[[ Extracted entries, beginning ]]

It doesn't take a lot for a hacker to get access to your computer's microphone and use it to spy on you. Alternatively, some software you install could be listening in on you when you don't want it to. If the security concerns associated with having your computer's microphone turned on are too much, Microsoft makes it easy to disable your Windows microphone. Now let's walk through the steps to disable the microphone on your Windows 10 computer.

[[ Extracted entries, end ]]
[[ Extracted entries, beginning ]]

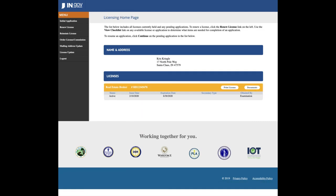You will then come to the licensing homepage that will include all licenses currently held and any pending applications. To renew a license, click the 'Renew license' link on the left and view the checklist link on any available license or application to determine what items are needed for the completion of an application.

[[ Extracted entries, end ]]
[[ Extracted entries, beginning ]]

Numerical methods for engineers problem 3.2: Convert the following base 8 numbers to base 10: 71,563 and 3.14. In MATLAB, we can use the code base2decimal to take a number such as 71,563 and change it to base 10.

[[ Extracted entries, end ]]

▸ Task description: Throughout the material above, find lines holding the word "take", then copy them.

▸ Output below:
It doesn't take a lot for a hacker to get access to your computer's microphone and use it to spy on you. Alternatively, some software you install could be listening in on you when you don't want it to. If the security concerns associated with having your computer's microphone turned on are too much, Microsoft makes it easy to disable your Windows microphone. Now let's walk through the steps to disable the microphone on your Windows 10 computer.
Numerical methods for engineers problem 3.2: Convert the following base 8 numbers to base 10: 71,563 and 3.14. In MATLAB, we can use the code base2decimal to take a number such as 71,563 and change it to base 10.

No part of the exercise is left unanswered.